Input data –
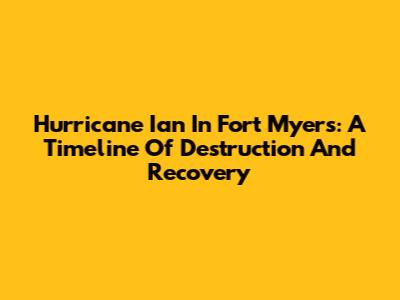 Hurricane Ian In Fort Myers: A Timeline Of Destruction And Recovery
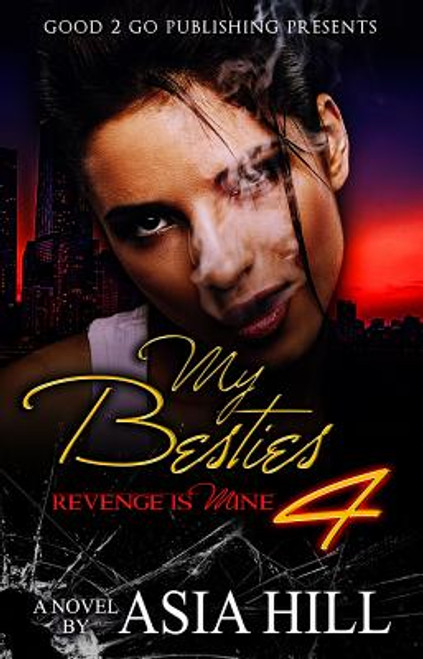 My Besties 4: Revenge Is Mine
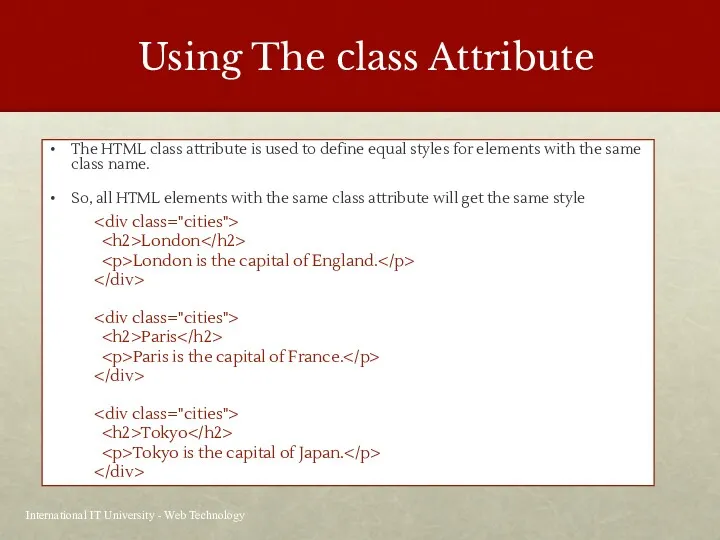 Using The class Attribute The HTML class attribute is used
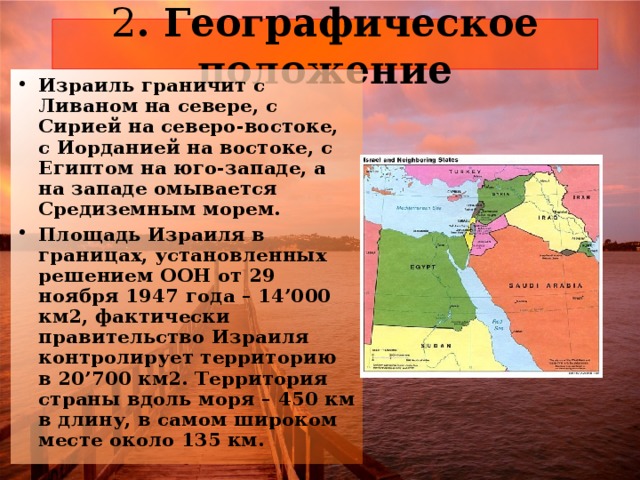 2 Израиль граничит с Ливаном на севере, с Сирией на северо-востоке, с Иорданией на востоке, с Египтом на юго-западе, а на западе омывается Средиземным морем. Площадь Израиля в границах, установленных решением ООН от 29 ноября 1947 года – 14’000 км2, фактически правительство Израиля контролирует территорию в 20’700 км2. Территория страны вдоль моря – 450 км в длину, в самом широком месте около 135 км. 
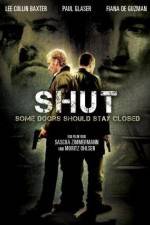 Watch Shut Movie2k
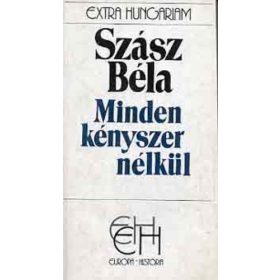 Szász Béla: Minden kényszer nélkül (antikvár)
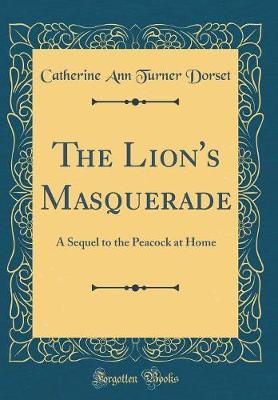 The Lion's Masquerade by Catherine Ann Turner Dorset image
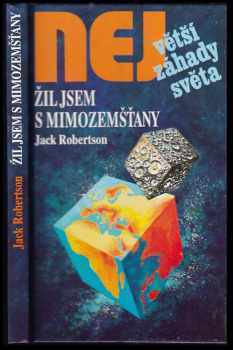 Jack Robertson: Žil jsem s mimozemšťany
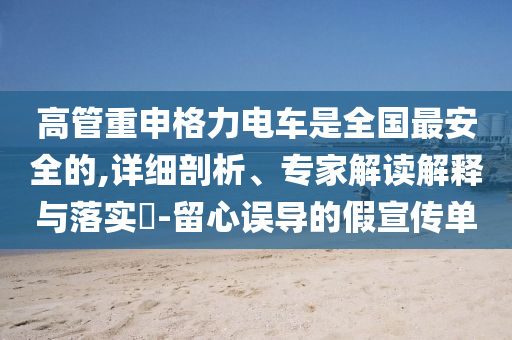 高管重申格力電車是全國最安全的,詳細剖析、專家解讀解釋與落實?-留心誤導(dǎo)的假宣傳單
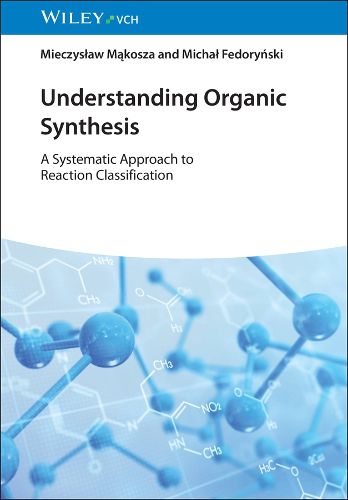Cover image for Understanding Organic Synthesis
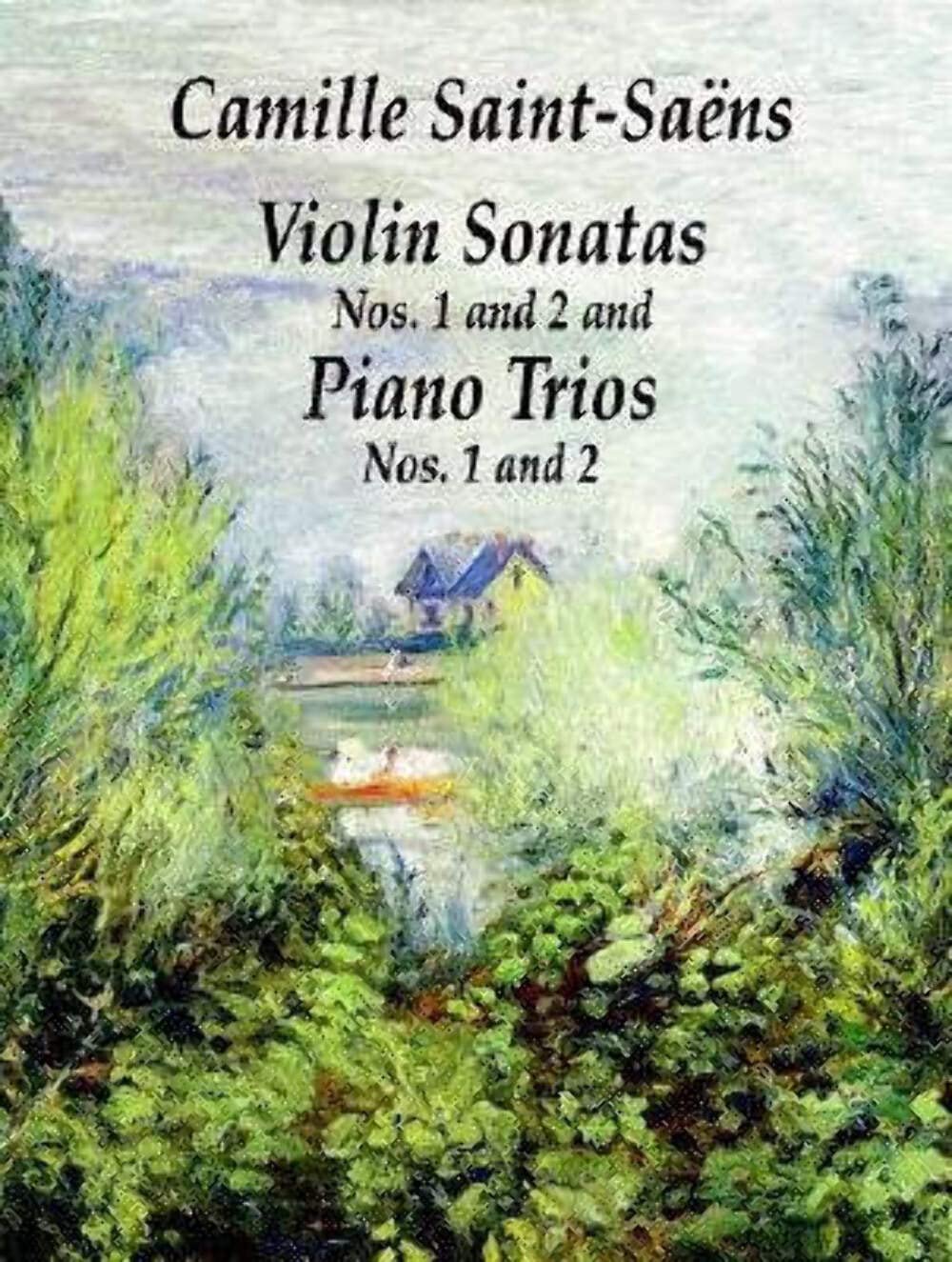 Saint-Saëns, C: VIOLIN SONATAS NOS 1 & 2 & PIA Arts & Music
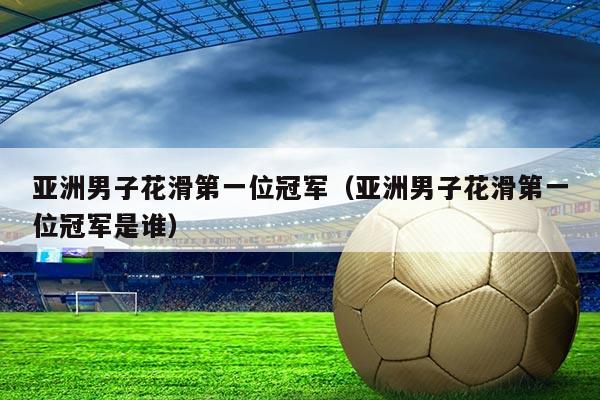 亚洲男子花滑第一位冠军(亚洲男子花滑第一位冠军是谁)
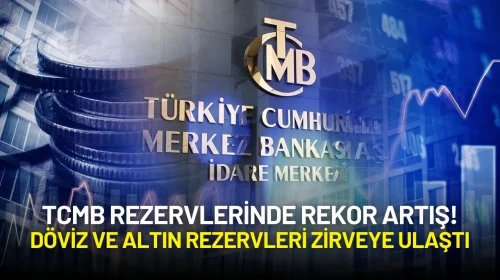 TCMB Rezervlerinde Rekor Artış: Döviz ve Altın Rezervleri Zirveye Ulaştı!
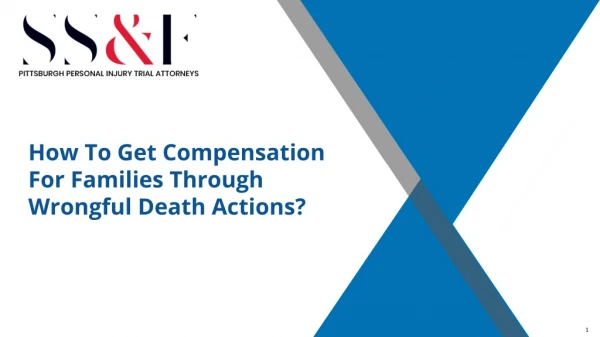 How To Get Compensation For Families Through Wrongful Death Actions?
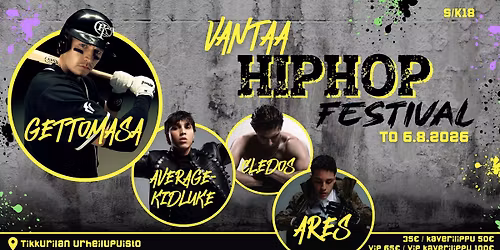 Vantaa HIPHOP Festival - To 6.8.2026  - Tikkurilan Urheilupuisto, Vantaa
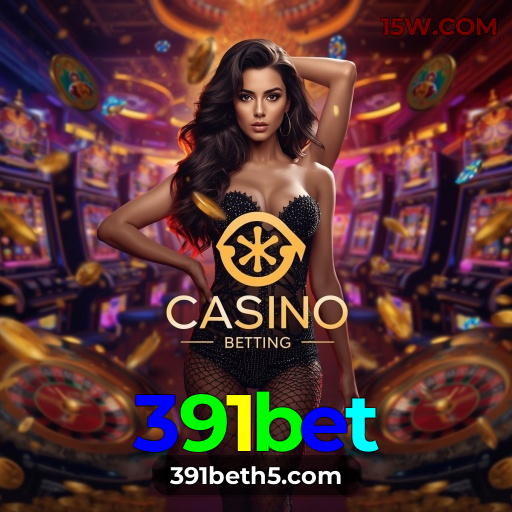 391bet | Cassino Online com Jogos de Alta Qualidade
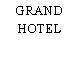 GRAND HOTEL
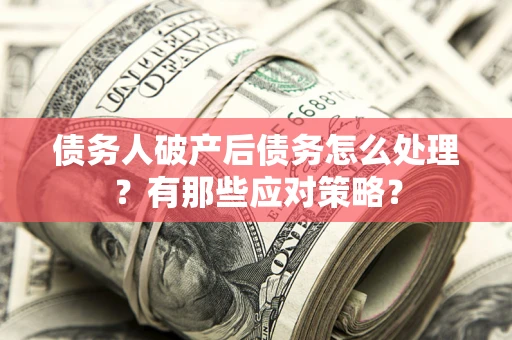 北京债务人破产后债务怎么处理？有那些应对策略？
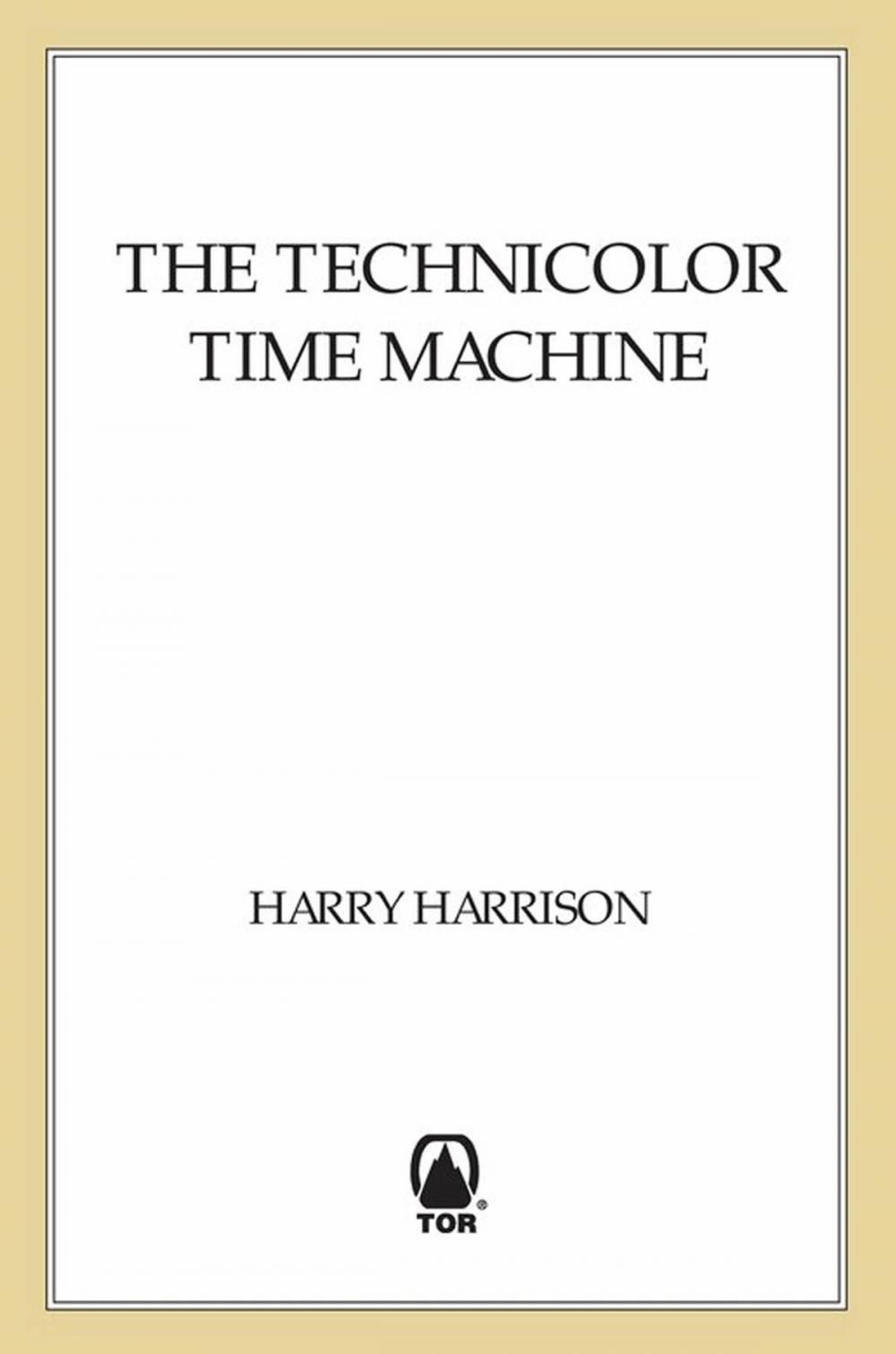 Big bigCover of The Technicolor Time Machine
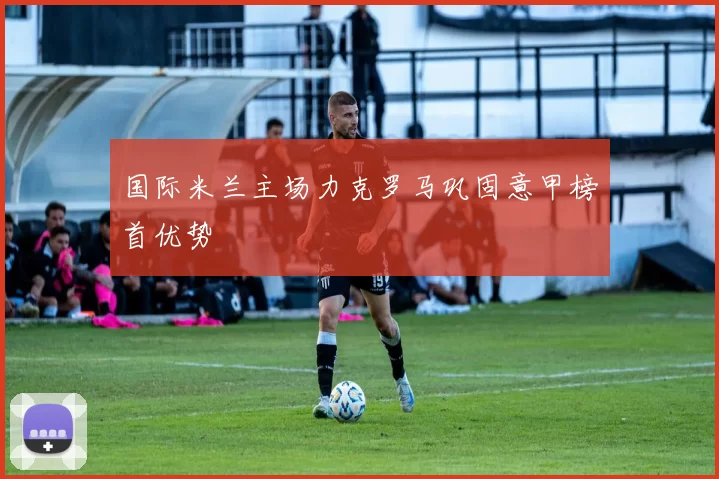 国际米兰主场力克罗马巩固意甲榜首优势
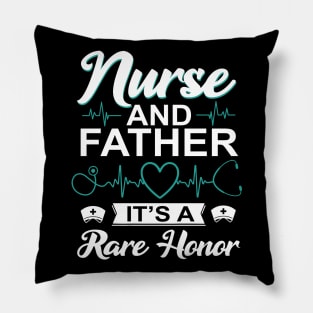 Nurse and Father It's a Rare Honor Men Nurse Pillow
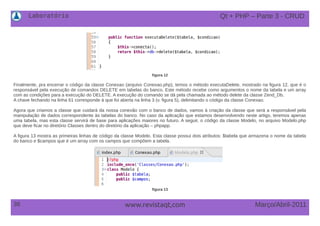 Laboratório
38 Março/Abril-2011www.revistaqt,com
figura 12
Finalmente, pra encerrar o código da classe Conexao (arquivo Conexao.php), temos o método executaDelete, mostrado na figura 12, que é o
responsável pela execução de comandos DELETE em tabelas do banco. Este método recebe como argumentos o nome da tabela e um array
com as condições para a execução do DELETE. A execução do comando se dá pela chamada ao método delete da classe Zend_Db.
A chave fechando na linha 61 corresponde à que foi aberta na linha 3 (v. figura 5), delimitando o código da classe Conexao.
Agora que criamos a classe que cuidará da nossa conexão com o banco de dados, vamos à criação da classe que será a responsável pela
manipulação de dados correspondente às tabelas do banco. No caso da aplicação que estamos desenvolvendo neste artigo, teremos apenas
uma tabela, mas esta classe servirá de base para aplicações maiores no futuro. A seguir, o código da classe Modelo, no arquivo Modelo.php
que deve ficar no diretório Classes dentro do diretório da aplicação – phpapp.
A figura 13 mostra as primeiras linhas de código da classe Modelo. Esta classe possui dois atributos: $tabela que armazena o nome da tabela
do banco e $campos que é um array com os campos que compõem a tabela.
figura 13
Qt + PHP – Parte 3 - CRUD
 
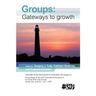 Group Work: Gateways to Growth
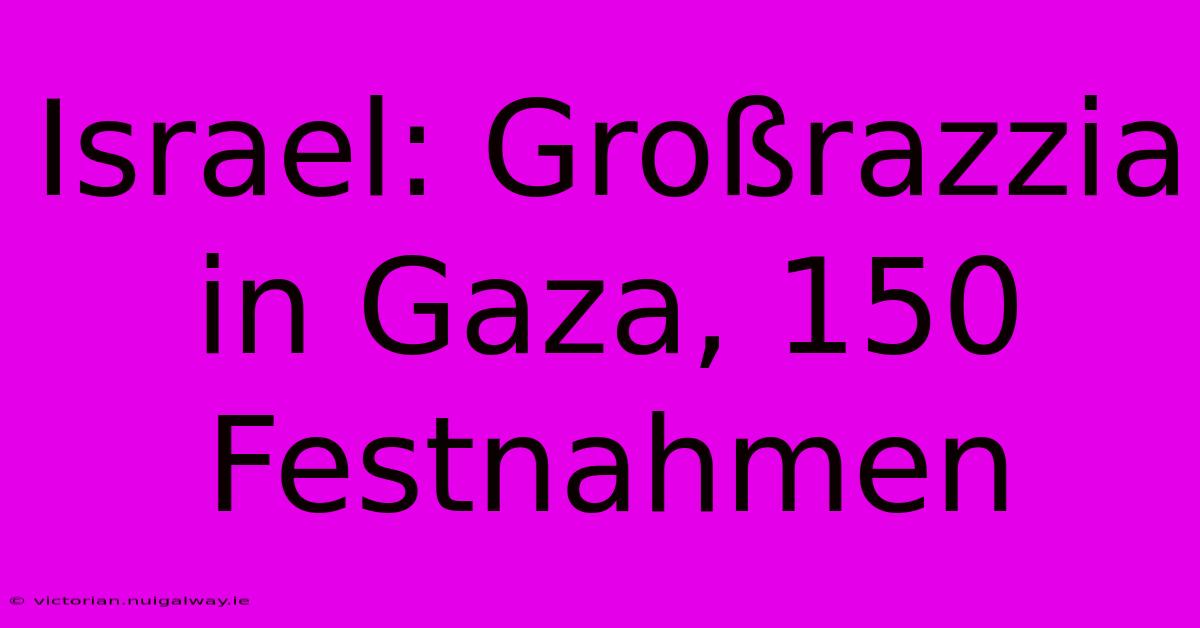 Israel: Großrazzia In Gaza, 150 Festnahmen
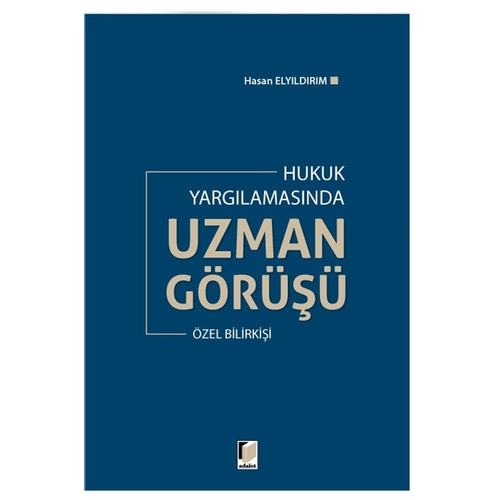 Hukuk Yargılamasında Uzman Görüşü Özel Bilirkişi - Hasan Elyıldırım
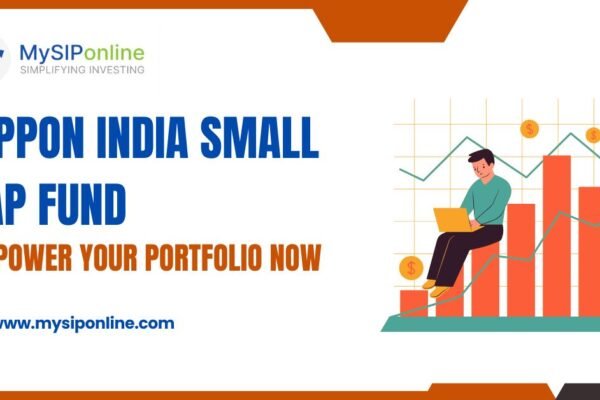 Nippon India Small Cap Fund: Boost Your Portfolio Growth Today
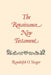 The Renaissance New Testament: John 1: 1-4:54, Mark 1:1-2:22, Luke 1: 1-5:40 by Randolph O. Yeager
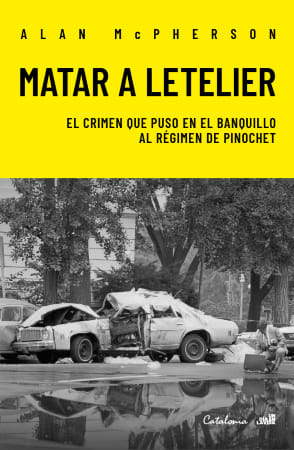MATAR A LETELIER EL CRIMEN QUE PUSO EN E1
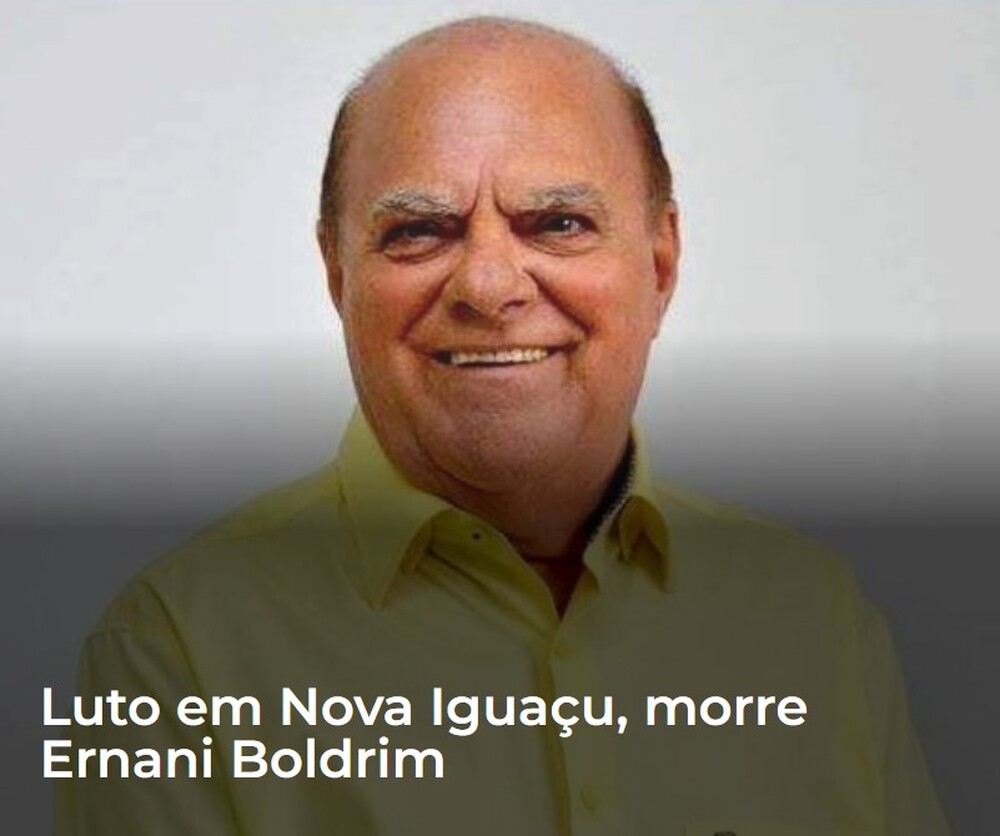 Luto em Nova Iguaçu, morre Ernani Boldrim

Exercise –
All the records need to be retyped word for word, except for the pictures.

Task output –
 Hurricane Ian In Fort Myers: A Timeline Of Destruction And Recovery
 My Besties 4: Revenge Is Mine
 Using The class Attribute The HTML class attribute is used
 2 Израиль граничит с Ливаном на севере, с Сирией на северо-востоке, с Иорданией на востоке, с Египтом на юго-западе, а на западе омывается Средиземным морем. Площадь Израиля в границах, установленных решением ООН от 29 ноября 1947 года – 14’000 км2, фактически правительство Израиля контролирует территорию в 20’700 км2. Территория страны вдоль моря – 450 км в длину, в самом широком месте около 135 км. 
 Watch Shut Movie2k
 Szász Béla: Minden kényszer nélkül (antikvár)
 The Lion's Masquerade by Catherine Ann Turner Dorset image
 Jack Robertson: Žil jsem s mimozemšťany
 高管重申格力電車是全國最安全的,詳細剖析、專家解讀解釋與落實?-留心誤導(dǎo)的假宣傳單
Cover image for Understanding Organic Synthesis
 Saint-Saëns, C: VIOLIN SONATAS NOS 1 & 2 & PIA Arts & Music
 亚洲男子花滑第一位冠军(亚洲男子花滑第一位冠军是谁)
 TCMB Rezervlerinde Rekor Artış: Döviz ve Altın Rezervleri Zirveye Ulaştı!
 How To Get Compensation For Families Through Wrongful Death Actions?
 Vantaa HIPHOP Festival - To 6.8.2026  - Tikkurilan Urheilupuisto, Vantaa
 391bet | Cassino Online com Jogos de Alta Qualidade
 GRAND HOTEL
 北京债务人破产后债务怎么处理？有那些应对策略？
 Big bigCover of The Technicolor Time Machine
 国际米兰主场力克罗马巩固意甲榜首优势
 Nurse and Father It's a Rare Honor Men Nurse Pillow
 Laboratório
38 Março/Abril-2011www.revistaqt,com
figura 12
Finalmente, pra encerrar o código da classe Conexao (arquivo Conexao.php), temos o método executaDelete, mostrado na figura 12, que é o
responsável pela execução de comandos DELETE em tabelas do banco. Este método recebe como argumentos o nome da tabela e um array
com as condições para a execução do DELETE. A execução do comando se dá pela chamada ao método delete da classe Zend_Db.
A chave fechando na linha 61 corresponde à que foi aberta na linha 3 (v. figura 5), delimitando o código da classe Conexao.
Agora que criamos a classe que cuidará da nossa conexão com o banco de dados, vamos à criação da classe que será a responsável pela
manipulação de dados correspondente às tabelas do banco. No caso da aplicação que estamos desenvolvendo neste artigo, teremos apenas
uma tabela, mas esta classe servirá de base para aplicações maiores no futuro. A seguir, o código da classe Modelo, no arquivo Modelo.php
que deve ficar no diretório Classes dentro do diretório da aplicação – phpapp.
A figura 13 mostra as primeiras linhas de código da classe Modelo. Esta classe possui dois atributos: $tabela que armazena o nome da tabela
do banco e $campos que é um array com os campos que compõem a tabela.
figura 13
Qt + PHP – Parte 3 - CRUD
 
 Group Work: Gateways to Growth
 Israel: Großrazzia In Gaza, 150 Festnahmen
 Hukuk Yargılamasında Uzman Görüşü Özel Bilirkişi - Hasan Elyıldırım
 Nippon India Small Cap Fund: Boost Your Portfolio Growth Today
 The Renaissance New Testament: John 1: 1-4:54, Mark 1:1-2:22, Luke 1: 1-5:40 by Randolph O. Yeager
MATAR A LETELIER EL CRIMEN QUE PUSO EN E1
 Luto em Nova Iguaçu, morre Ernani Boldrim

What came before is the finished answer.